Your task is to return the data below, word for word.

*** Material provided Section Begins ***

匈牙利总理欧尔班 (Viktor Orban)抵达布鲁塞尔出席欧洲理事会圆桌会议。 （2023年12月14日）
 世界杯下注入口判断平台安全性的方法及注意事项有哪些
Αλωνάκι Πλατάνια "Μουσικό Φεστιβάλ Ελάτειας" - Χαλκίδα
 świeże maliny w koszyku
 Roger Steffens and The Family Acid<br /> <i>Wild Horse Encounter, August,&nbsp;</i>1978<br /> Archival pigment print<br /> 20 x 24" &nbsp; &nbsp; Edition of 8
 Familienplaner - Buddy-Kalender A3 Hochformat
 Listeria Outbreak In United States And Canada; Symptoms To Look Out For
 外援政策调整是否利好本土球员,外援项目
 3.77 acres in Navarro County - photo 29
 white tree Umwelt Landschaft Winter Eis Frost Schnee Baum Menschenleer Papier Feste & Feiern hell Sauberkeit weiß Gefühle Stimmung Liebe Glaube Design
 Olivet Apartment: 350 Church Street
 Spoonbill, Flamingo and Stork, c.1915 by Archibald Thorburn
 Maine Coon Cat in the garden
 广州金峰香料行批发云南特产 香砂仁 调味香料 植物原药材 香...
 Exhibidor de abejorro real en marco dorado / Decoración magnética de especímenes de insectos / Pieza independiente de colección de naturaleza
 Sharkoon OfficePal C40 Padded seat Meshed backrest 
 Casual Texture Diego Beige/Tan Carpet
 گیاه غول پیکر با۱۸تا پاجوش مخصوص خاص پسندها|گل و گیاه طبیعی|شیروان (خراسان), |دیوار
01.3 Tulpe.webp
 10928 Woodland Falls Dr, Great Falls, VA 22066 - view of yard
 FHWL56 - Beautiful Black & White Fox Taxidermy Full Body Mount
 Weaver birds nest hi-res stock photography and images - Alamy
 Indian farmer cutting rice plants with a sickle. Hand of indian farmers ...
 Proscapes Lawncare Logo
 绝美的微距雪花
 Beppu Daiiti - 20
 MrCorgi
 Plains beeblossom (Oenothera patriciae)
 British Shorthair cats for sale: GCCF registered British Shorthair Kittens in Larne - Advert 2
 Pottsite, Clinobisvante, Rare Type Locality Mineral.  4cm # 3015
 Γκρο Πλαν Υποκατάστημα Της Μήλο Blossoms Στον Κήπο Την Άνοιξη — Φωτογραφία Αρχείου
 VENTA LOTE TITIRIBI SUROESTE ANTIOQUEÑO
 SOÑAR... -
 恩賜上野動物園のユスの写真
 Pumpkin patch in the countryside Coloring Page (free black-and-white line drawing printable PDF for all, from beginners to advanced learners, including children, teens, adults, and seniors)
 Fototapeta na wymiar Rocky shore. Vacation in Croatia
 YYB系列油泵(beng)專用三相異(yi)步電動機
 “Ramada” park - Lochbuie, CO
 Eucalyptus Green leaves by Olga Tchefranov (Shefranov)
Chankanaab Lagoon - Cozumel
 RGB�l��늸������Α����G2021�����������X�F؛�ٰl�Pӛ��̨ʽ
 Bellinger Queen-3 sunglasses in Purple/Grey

*** Material provided Section Ends ***

_Response below_:
匈牙利总理欧尔班 (Viktor Orban)抵达布鲁塞尔出席欧洲理事会圆桌会议。 （2023年12月14日）
 世界杯下注入口判断平台安全性的方法及注意事项有哪些
Αλωνάκι Πλατάνια "Μουσικό Φεστιβάλ Ελάτειας" - Χαλκίδα
 świeże maliny w koszyku
 Roger Steffens and The Family Acid<br /> <i>Wild Horse Encounter, August,&nbsp;</i>1978<br /> Archival pigment print<br /> 20 x 24" &nbsp; &nbsp; Edition of 8
 Familienplaner - Buddy-Kalender A3 Hochformat
 Listeria Outbreak In United States And Canada; Symptoms To Look Out For
 外援政策调整是否利好本土球员,外援项目
 3.77 acres in Navarro County - photo 29
 white tree Umwelt Landschaft Winter Eis Frost Schnee Baum Menschenleer Papier Feste & Feiern hell Sauberkeit weiß Gefühle Stimmung Liebe Glaube Design
 Olivet Apartment: 350 Church Street
 Spoonbill, Flamingo and Stork, c.1915 by Archibald Thorburn
 Maine Coon Cat in the garden
 广州金峰香料行批发云南特产 香砂仁 调味香料 植物原药材 香...
 Exhibidor de abejorro real en marco dorado / Decoración magnética de especímenes de insectos / Pieza independiente de colección de naturaleza
 Sharkoon OfficePal C40 Padded seat Meshed backrest 
 Casual Texture Diego Beige/Tan Carpet
 گیاه غول پیکر با۱۸تا پاجوش مخصوص خاص پسندها|گل و گیاه طبیعی|شیروان (خراسان), |دیوار
01.3 Tulpe.webp
 10928 Woodland Falls Dr, Great Falls, VA 22066 - view of yard
 FHWL56 - Beautiful Black & White Fox Taxidermy Full Body Mount
 Weaver birds nest hi-res stock photography and images - Alamy
 Indian farmer cutting rice plants with a sickle. Hand of indian farmers ...
 Proscapes Lawncare Logo
 绝美的微距雪花
 Beppu Daiiti - 20
 MrCorgi
 Plains beeblossom (Oenothera patriciae)
 British Shorthair cats for sale: GCCF registered British Shorthair Kittens in Larne - Advert 2
 Pottsite, Clinobisvante, Rare Type Locality Mineral.  4cm # 3015
 Γκρο Πλαν Υποκατάστημα Της Μήλο Blossoms Στον Κήπο Την Άνοιξη — Φωτογραφία Αρχείου
 VENTA LOTE TITIRIBI SUROESTE ANTIOQUEÑO
 SOÑAR... -
 恩賜上野動物園のユスの写真
 Pumpkin patch in the countryside Coloring Page (free black-and-white line drawing printable PDF for all, from beginners to advanced learners, including children, teens, adults, and seniors)
 Fototapeta na wymiar Rocky shore. Vacation in Croatia
 YYB系列油泵(beng)專用三相異(yi)步電動機
 “Ramada” park - Lochbuie, CO
 Eucalyptus Green leaves by Olga Tchefranov (Shefranov)
Chankanaab Lagoon - Cozumel
 RGB�l��늸������Α����G2021�����������X�F؛�ٰl�Pӛ��̨ʽ
 Bellinger Queen-3 sunglasses in Purple/Grey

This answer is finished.